* WHAT YOU SHOULD DO
Line by line, the data below should be set down unchanged, with images excluded.

-- Opening Marker --

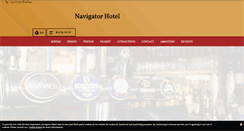 Desktop Screenshot of navigatorhotel.co.uk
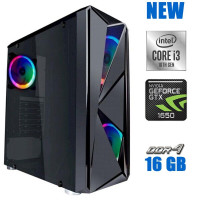 Ігровий ПК 1stPlayer FIREROSE RGB Tower / Intel Core i3-10100F (4 (8) ядра по 3.6 - 4.3 GHz) / 16 GB DDR4 / 240 GB SSD / nVidia GeForce GTX 1650, 4 GB GDDR5, 128-bit / 700W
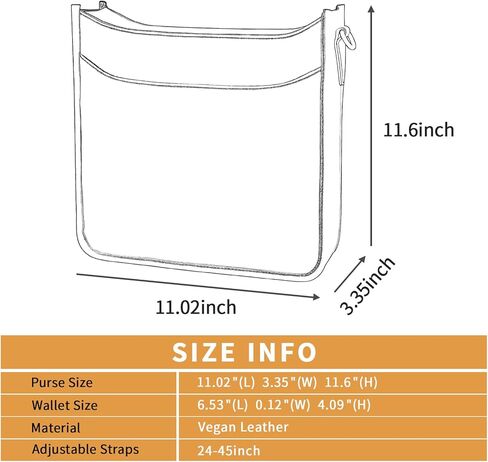 حقائب كروس من KITATU للنساء للتنقل 2 قطعة حقائب يد هوبو حقيبة كتف مصممة من الجلد النباتي مع شريطين in Kuwait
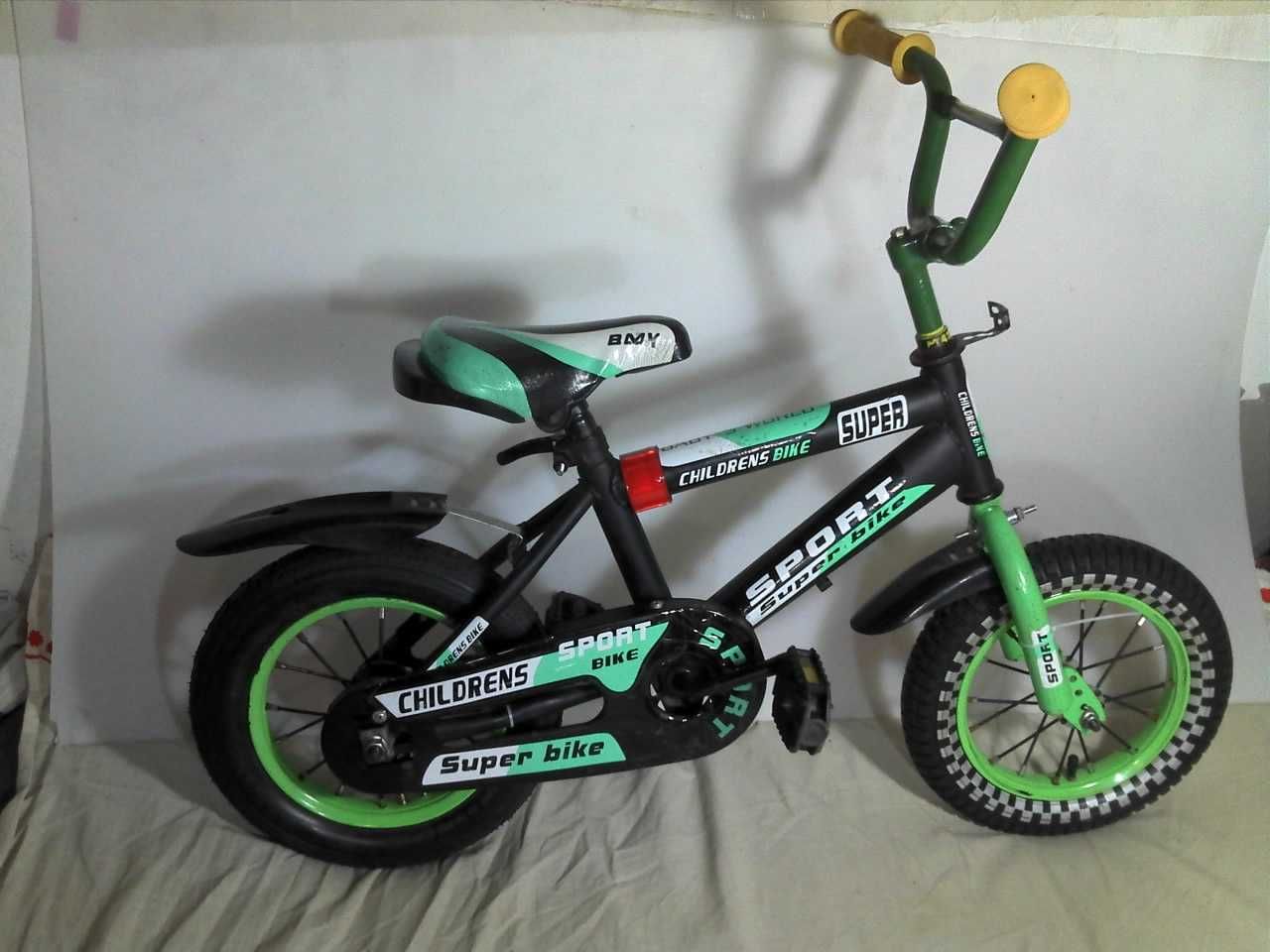 Rowerek BMX SPORT super bike Childrens koła 12.5 cala podpórki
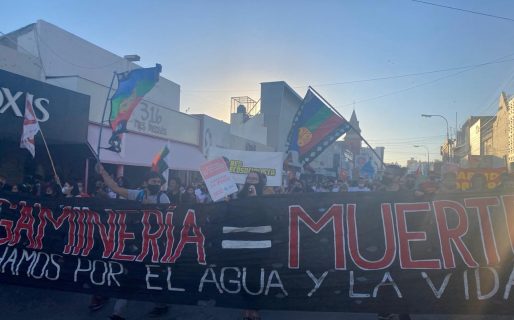 Marcharon contra la minería en el centro de Comodoro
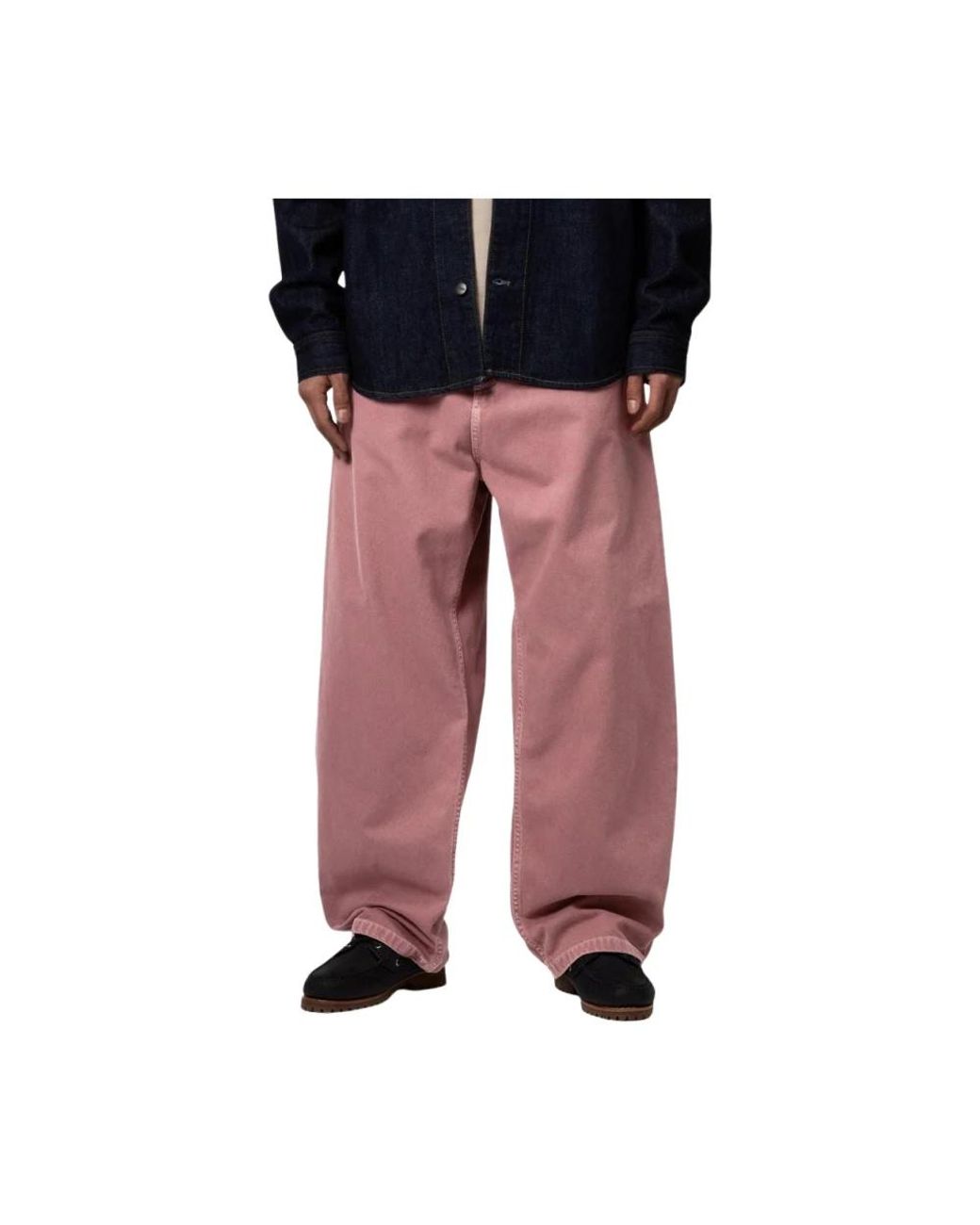 Carhartt Pink Wide Jeans for men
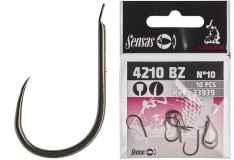 10ks - Háček Sensas Crazy Bait 4210 Barbless Velikost 20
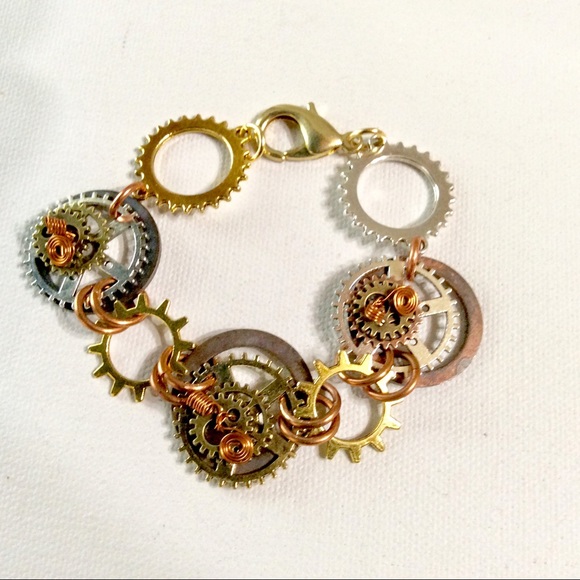 Cool Jewelry Jewelry - 🛑 SOLD Steampunk Bracelet Handmade Mixed Metals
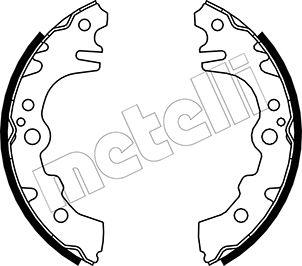 Metelli 53-0042 - Комплект тормозных колодок, барабанные unicars.by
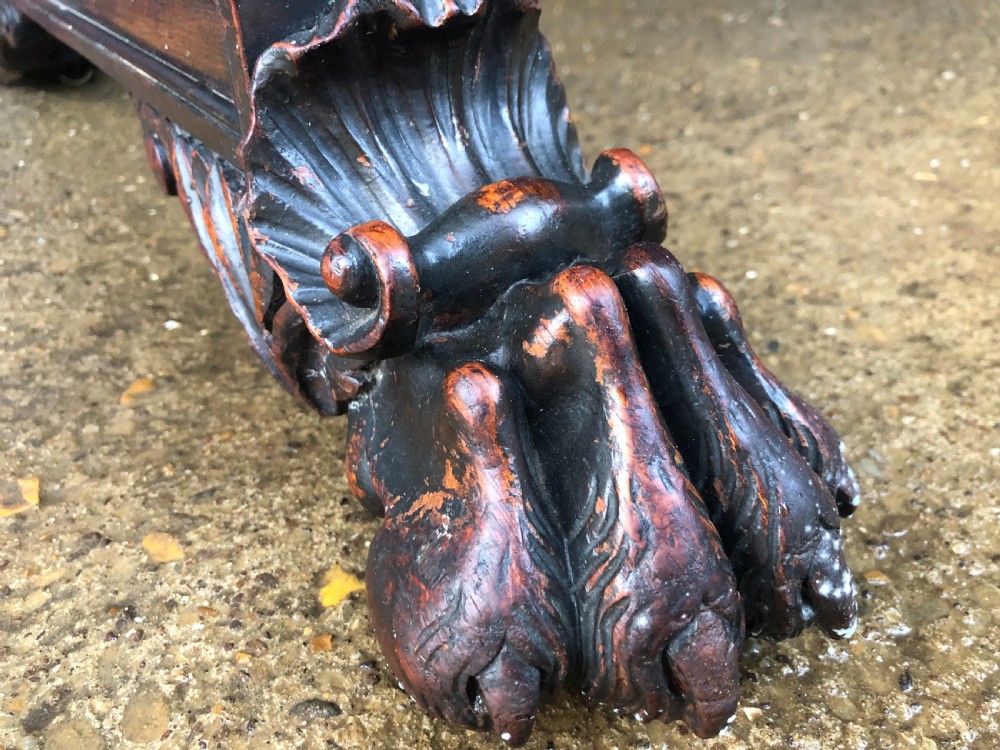 Regency period rosewood sofa table  View III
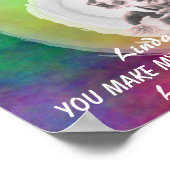 Liefde waarmee je mijn hartlijntje Poster-past Poster (Hoek)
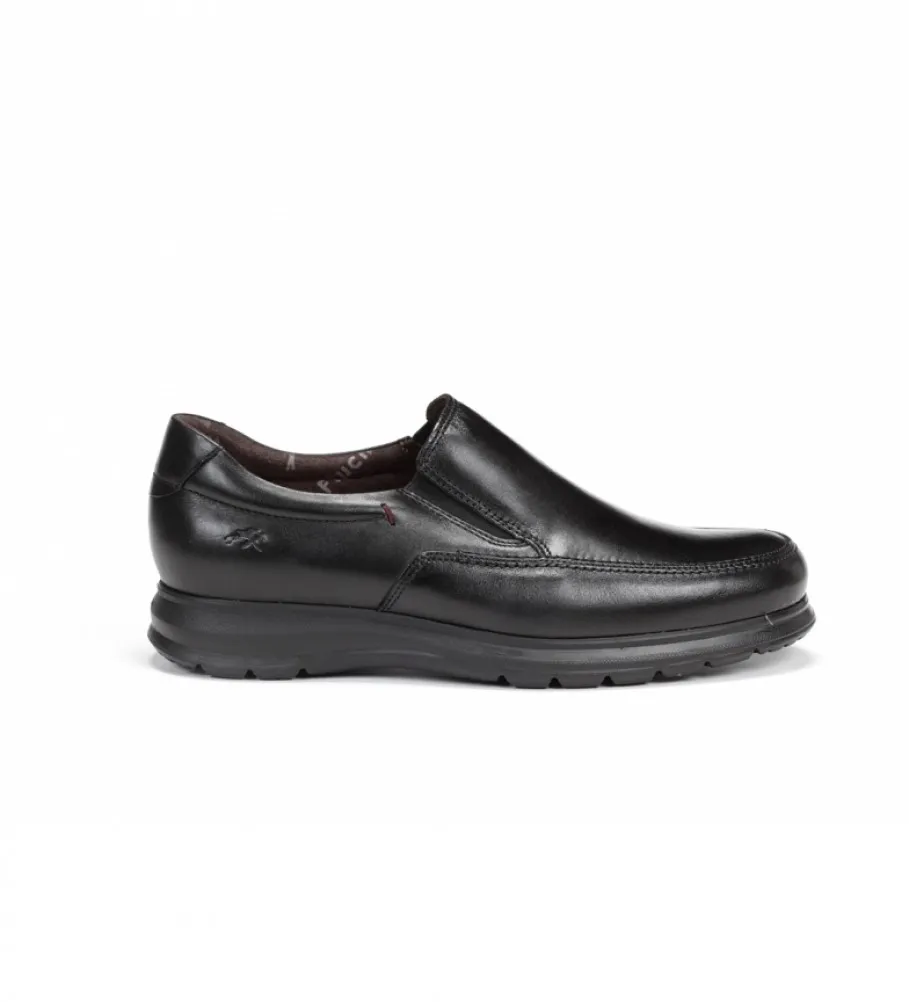 FLUCHOS ZAPATOS DE PIEL ZETA F0603 SOFT NEGRO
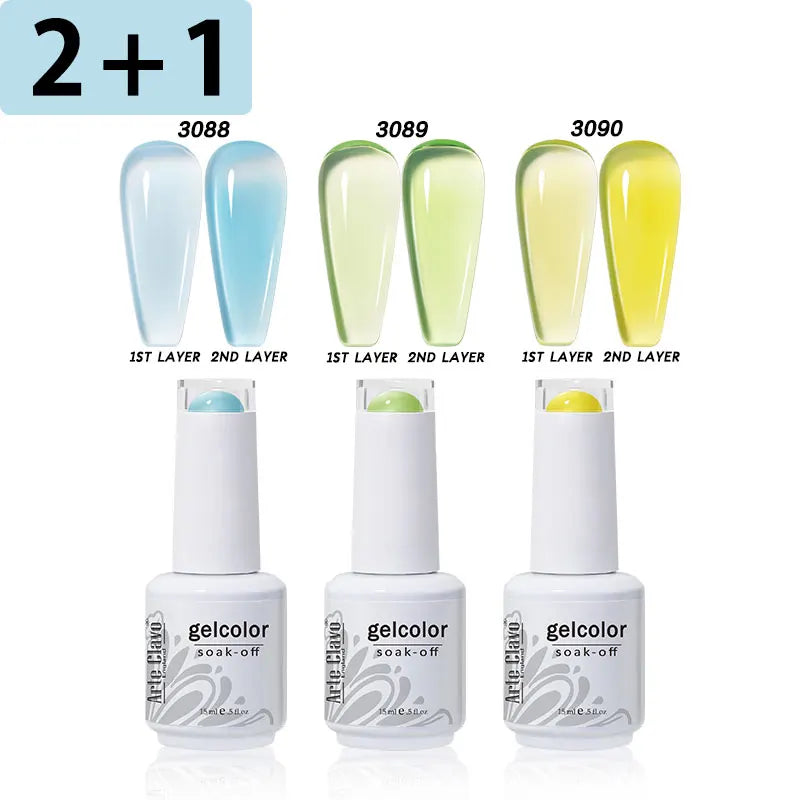 Arte Clavo Gel Nail Polish Art UV LED Manicure Long Lasting Soak Off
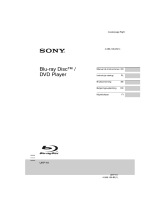 Sony UHP-H1 Bruksanvisning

-- Closing Marker --

* YOUR RESPONSE
 Desktop Screenshot of navigatorhotel.co.uk
 Ігровий ПК 1stPlayer FIREROSE RGB Tower / Intel Core i3-10100F (4 (8) ядра по 3.6 - 4.3 GHz) / 16 GB DDR4 / 240 GB SSD / nVidia GeForce GTX 1650, 4 GB GDDR5, 128-bit / 700W
 حقائب كروس من KITATU للنساء للتنقل 2 قطعة حقائب يد هوبو حقيبة كتف مصممة من الجلد النباتي مع شريطين in Kuwait
 Rowerek BMX SPORT super bike Childrens koła 12.5 cala podpórki
 Marcharon contra la minería en el centro de Comodoro
 Carhartt Pink Wide Jeans for men
 10ks - Háček Sensas Crazy Bait 4210 Barbless Velikost 20
 Cool Jewelry Jewelry - 🛑 SOLD Steampunk Bracelet Handmade Mixed Metals
 Metelli 53-0042 - Комплект тормозных колодок, барабанные unicars.by
 Regency period rosewood sofa table  View III
 Liefde waarmee je mijn hartlijntje Poster-past Poster (Hoek)
 FLUCHOS ZAPATOS DE PIEL ZETA F0603 SOFT NEGRO
 Arte Clavo Gel Nail Polish Art UV LED Manicure Long Lasting Soak Off
 Sony UHP-H1 Bruksanvisning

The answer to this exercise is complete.